政策

社説 底入れしたオフィス市場 品質重視に需要がシフト

 12年の東京都心区のオフィスビル市場は、上半期に大規模な新築ビルの大量供給が相次いだ影響から需給バランスの一層の悪化が心配されていたが、大きな市況の落ち込みもないまま空室率はピークアウトし、徐々に改善に向かい始めた。

 震災後のオフィス市場では、コストダウンを目的とした事務所の統合・移転が引き続いていることに加えて、BCP対策を見据えた築浅、ハイスペックビルへの移転需要などが顕著になった。オフィス仲介会社のデータによると、東京23区にあるオフィスストックのうち築30年を超えるオフィスビルは全体の3割に上り、築40年以上に至ってはこの約半数を占めている。ここにきて、こうした老朽化した自社所有の本社ビルの売却や建て替えなどによる移転も活発化しているという。老朽化したビルの建て替えは、今後更に増加してくることが見込まれ、新たな借り換え需要として顕在化してくることが期待されている。

活発な大型移転

 同社がまとめた東京23区・12年1~9月期のオフィス契約状況(実績)によると、全体では成約件数、成約面積は前年同期比でやや増加にとどまったものの、賃貸床面積500坪以上の大型オフィスに絞ると成約件数は2.5倍、成約面積も2倍と大きく伸びた。同社では、これら大手企業を中心とするオフィスの大型移転は主に建物のグレードアップや好立地への転居を目的とした「グレードアップ移転」がその大半を占めていると分析しており、「前向きな」潜在需要を裏付けている。

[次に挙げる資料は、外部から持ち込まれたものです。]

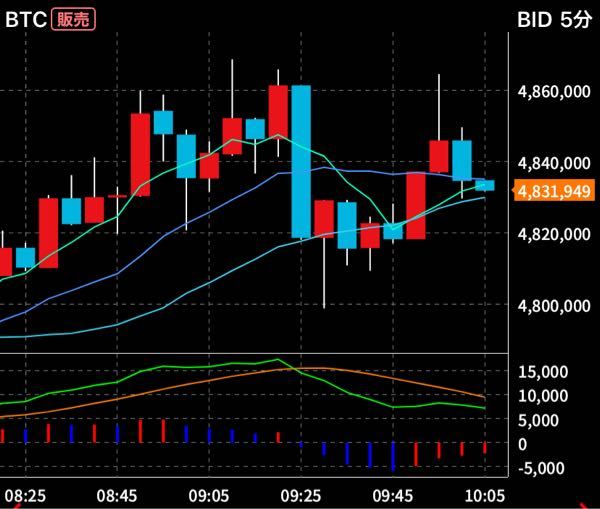 Gmoクリック証券 トレンド分析 初心者ガイド Fx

 こうした新しい需要も加わって、一部ハイスペックのオフィスビルの募集賃料については早くも底打ち感がでてきた。オフィス仲介各社がまとめている募集賃料調査でも今年下期以降はほぼ下げ止まりの様相を呈している。「空室を抱えて竣工した新築ビルも賃料の値下げには至らず、空室率が改善してきたビルの中には賃料引き上げの事例も見られる」ほどだ。また08年の金融危機の際に一気に市場に広まり、半ば常態化していた長期間のフリーレントも縮小方向にあるとの声も聞かれる。

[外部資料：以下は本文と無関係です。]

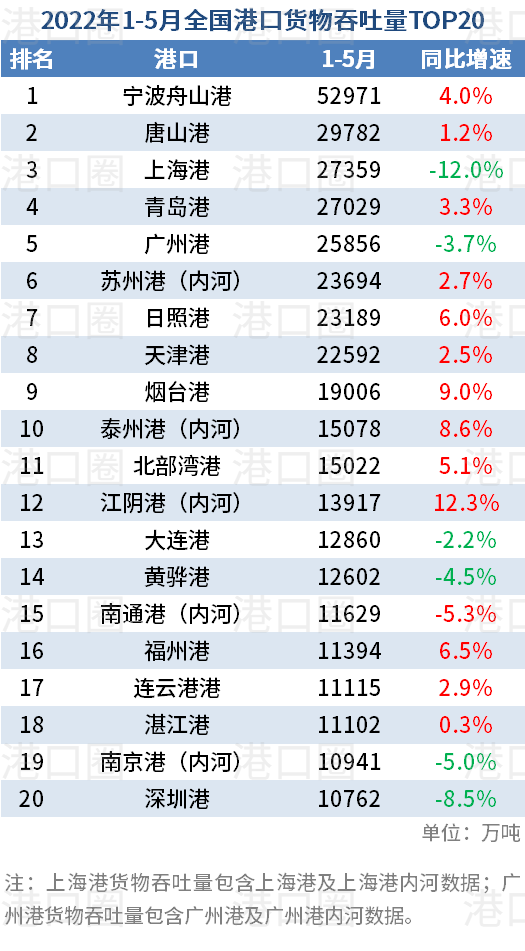 5月全國(guó)港口吞吐量數(shù)據(jù)出爐：唐山港反超上海港，穩(wěn)居第二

 オフィスビル市場は12年を境にして、市況底打ちという大きな転換期に差し掛かったのは明らかだ。しかしその一方で、主な移転の理由が、これまでのコストダウン最優先から、安全・安心、BCP、環境対応といったオフィスのグレードアップにシフトしていることは重要なポイントだ。賃料を下げさえすればオフィスが埋まっていた市場は先行き徐々に縮小し、品質やテナントサービスなど競争力で優勝劣敗が明確となる厳しい市場競争がこれまでにも増して進行していくことは明らかだ。